## WHAT IS BEING ASKED
Only the lines from the one containing "Testiera letto d'epoca" to the end of the data should be copied, exactly and without pictures.

## MATERIAL PROVIDED
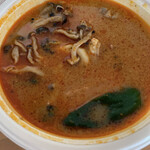 カレー魂 デストロイヤー - スープ大盛り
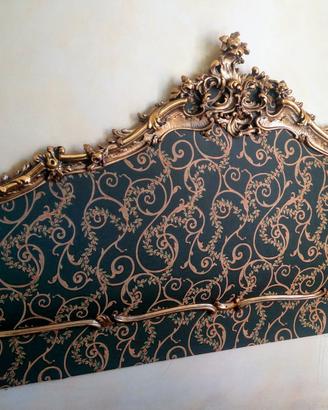 Testiera letto d'epoca in legno dorato e imbottita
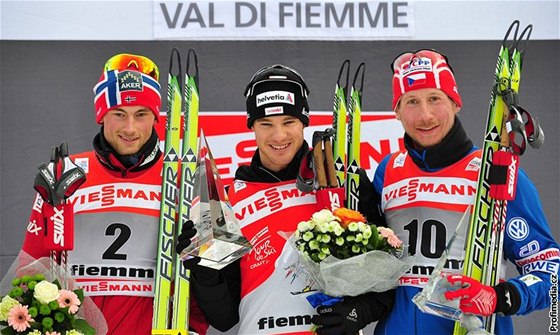 Trio nejlepích Tour de Ski 2011: zleva stíbrný Petter Northug, zlatý Dario Cologna a bronzový Luká Bauer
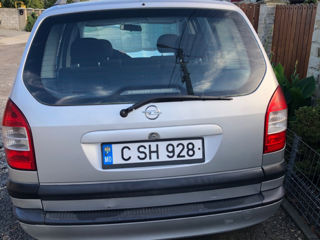 Opel Zafira foto 4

## EXERCISE ANSWER
 Testiera letto d'epoca in legno dorato e imbottita
 Trio nejlepích Tour de Ski 2011: zleva stíbrný Petter Northug, zlatý Dario Cologna a bronzový Luká Bauer
 Opel Zafira foto 4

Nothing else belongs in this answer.